It then goes on to say that benefits to the state of California as a result of building the project -- including "local" energy generation, a reduced carbon footprint for the state, and jobs -- overrode the project's damage to the environment.
The project's location about six miles southeast of Joshua Tree National Park has long raised concerns over its impact on the park's beleaguered wildlife, and Joshua Tree's champions were quick to decry the proposed decision.
"As a former superintendent of Joshua Tree National Park and somebody who cares deeply for the California Desert, I'm disappointed," said retired Joshua Tree Superintendent Mark Butler. "PSEGS, even in a modified form, will irrevocably harm Joshua Tree National Park's sweeping scenic vistas, as well as migrating and protected bird species like the golden eagles that travel through the park."

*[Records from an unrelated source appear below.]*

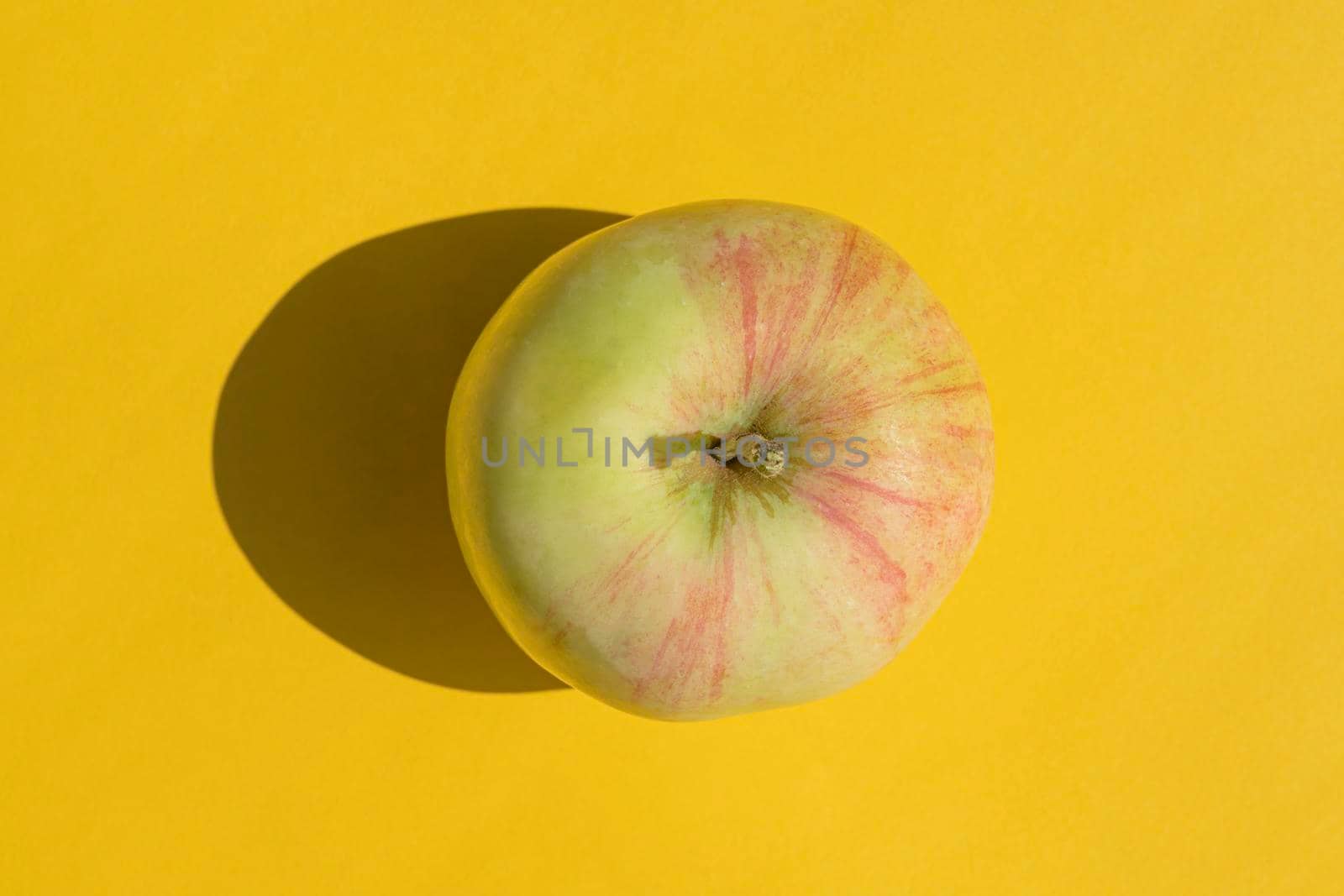 an apple with a hard shadow on a yellow background by roman112007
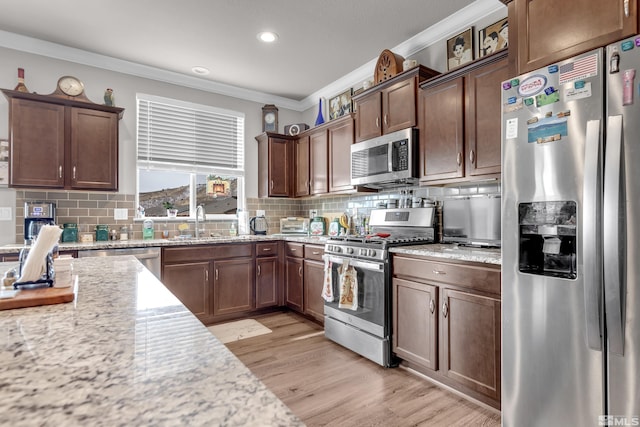 kitchen featuring light stone counters, backsplash, crown molding, light hardwood / wood-style floors, and appliances with stainless steel finishes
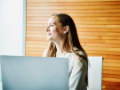 side view of smiling businesswoman working on laptop in office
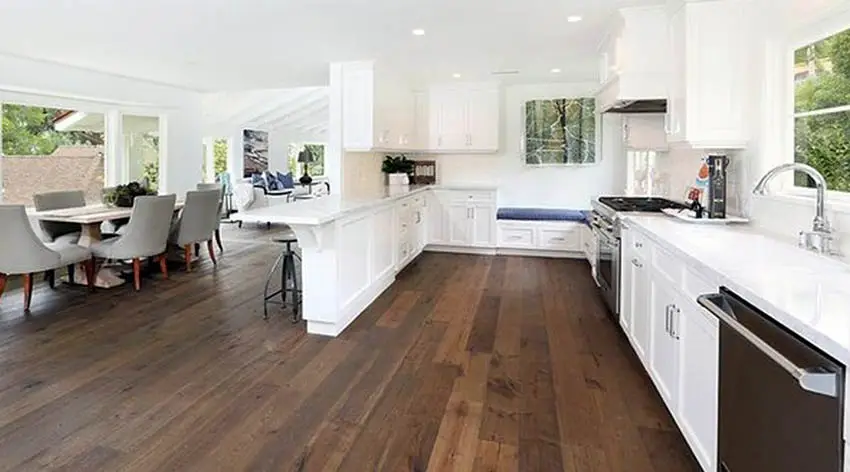 White kitchen with distressed wood flooring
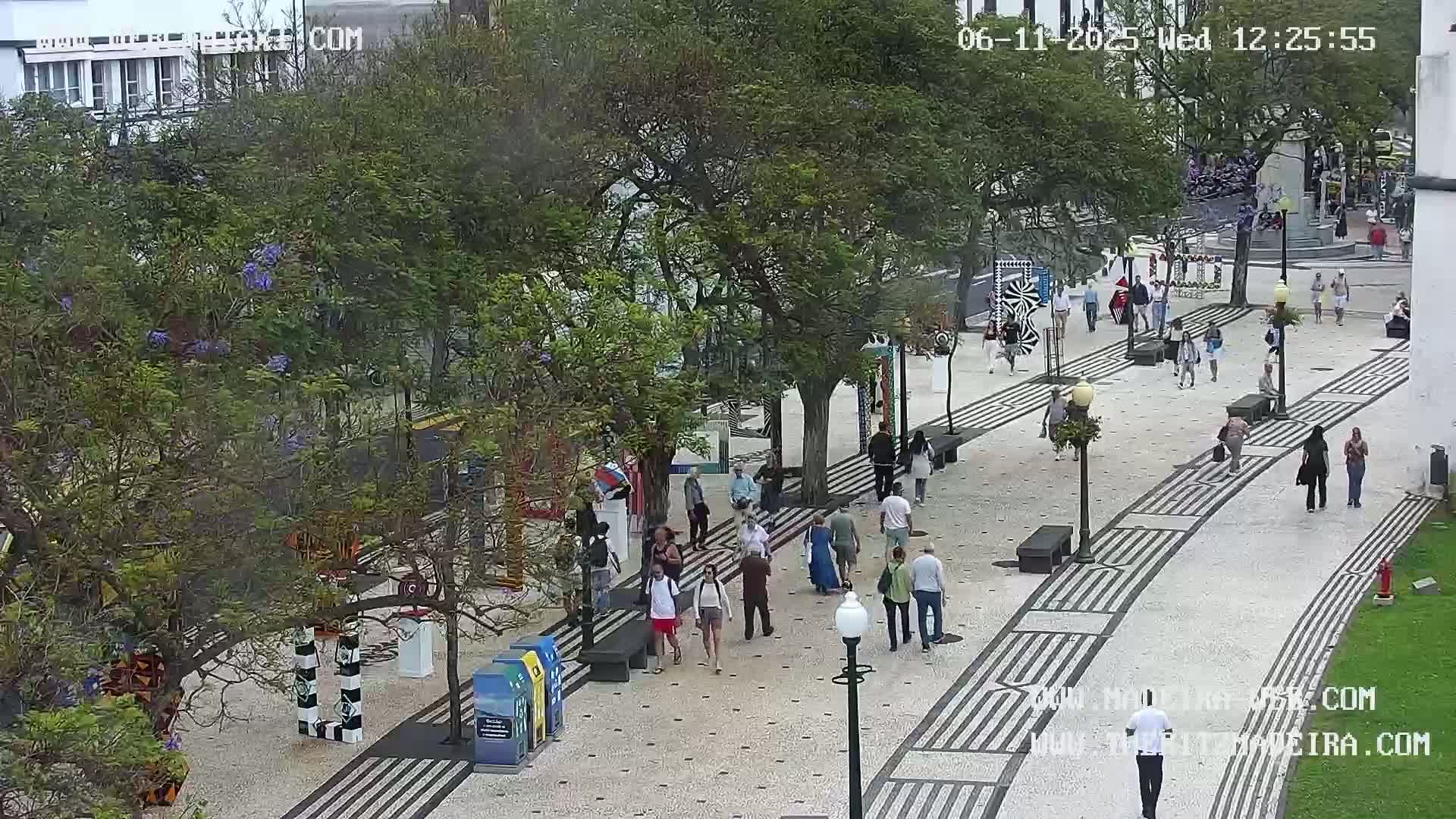A paved pedestrian area with geometric patterns is filled with people walking under a partly cloudy sky, surrounded by lush green trees and various colorful street art installations.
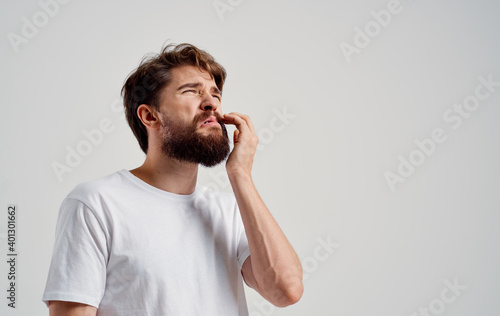 bearded man health problems dental pain medicine isolated background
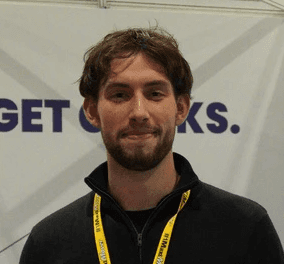 Black and white portrait of a smiling person with curly hair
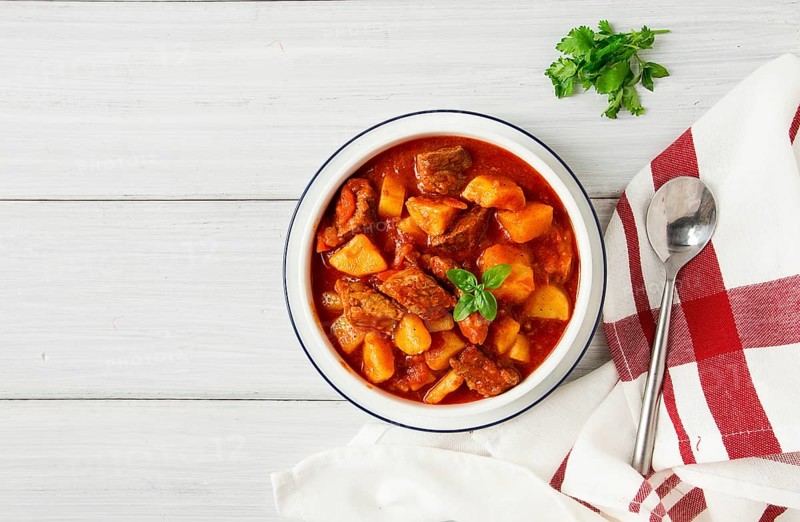 Geschmorte Kartoffeln mit Fleisch in Tomatensauce, mit Gewürzen und Kräutern, ohne Personen, auf einem weißen Tisch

Seth Shteir of the National Parks Conservation Association called the decision "as dangerous as it is disheartening for wildlife, scenic vistas and our responsible renewable energy future." In a press statement, Shteir challenged the adequacy of the project's environmental review:
The reconfigured Palen project has not received a full and comprehensive environmental review, but merely a supplemental environmental review, which is inadequate due to the drastic change in solar technology, potential impacts and plan of development. It is fair to demand such a review from a solar power tower proposal that would kill migrating eagles, raptors and songbirds from deadly solar flux, caused by radiating heat from the solar panels, and avian collisions.
At least one neighbor of the Palen project is speaking out against the decision as well. In an interview with the Palm Springs Desert Sun, Chuckwalla Valley farmer Donna Charpied called the Friday proposed decision "unconscionable and despicable," adding: "There's just one conclusion I can come to: local, state, and federal governments hate the desert."